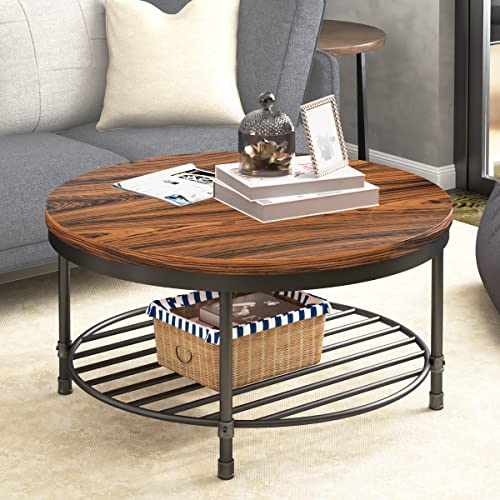 Image of Round Coffee Table, Rustic Wood Surface Top & Sturdy Metal Legs Industrial Sofa Table for Living Room Natural End Table Modern Design Home Furniture with Storage Open Shelf(Dark Red Brown)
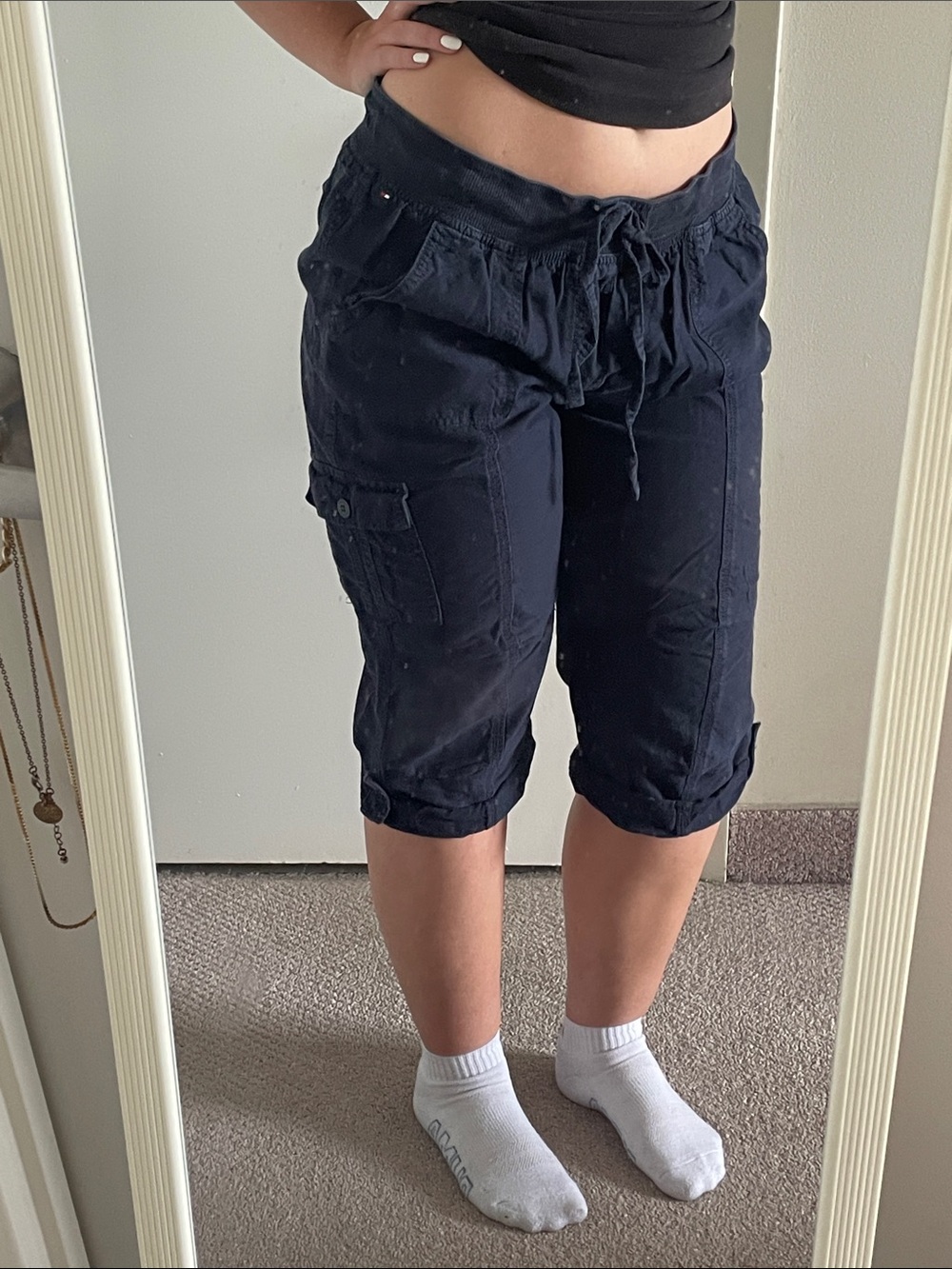 Tommy Hilfiger Navy Drawstring Cargo Capri Pants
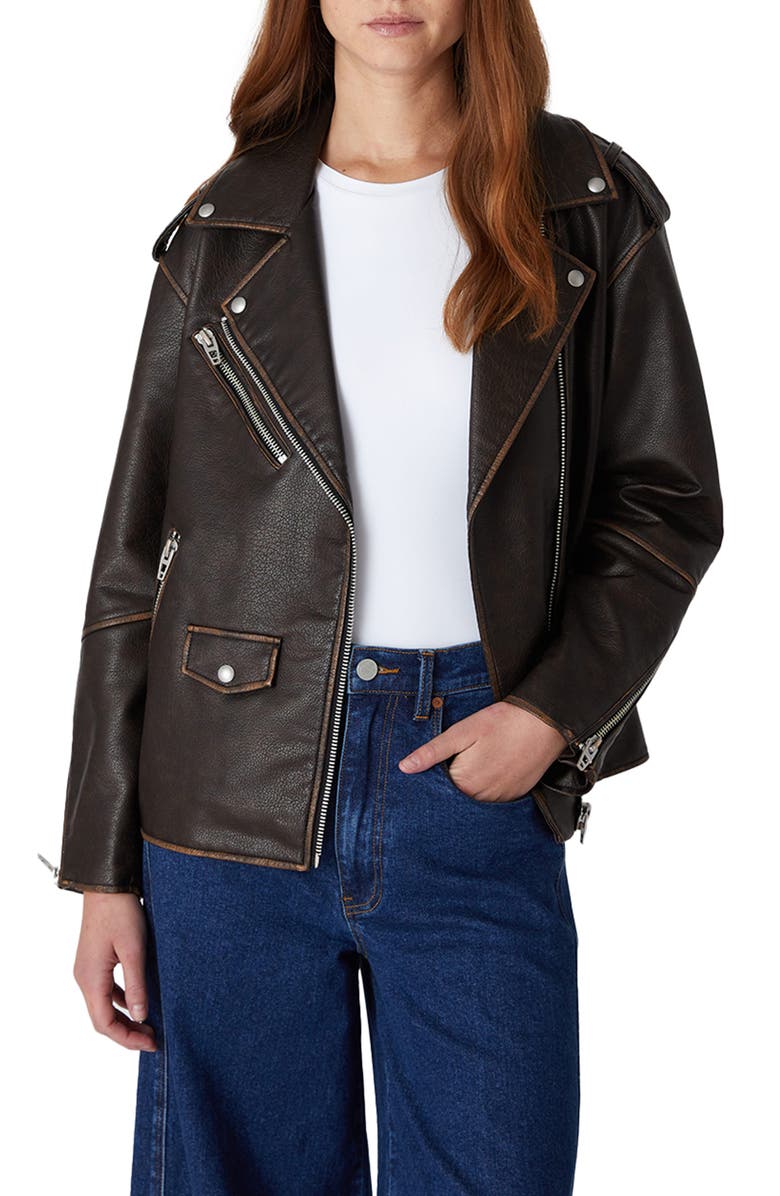 BLANKNYC Faux Leather Moto Jacket, Main, color, In Between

Brief: Pictures do not belong in the copy. Reproduce the rest of the data exactly.

Response to the exercise:
 Image of Round Coffee Table, Rustic Wood Surface Top & Sturdy Metal Legs Industrial Sofa Table for Living Room Natural End Table Modern Design Home Furniture with Storage Open Shelf(Dark Red Brown)
 Tommy Hilfiger Navy Drawstring Cargo Capri Pants
 BLANKNYC Faux Leather Moto Jacket, Main, color, In Between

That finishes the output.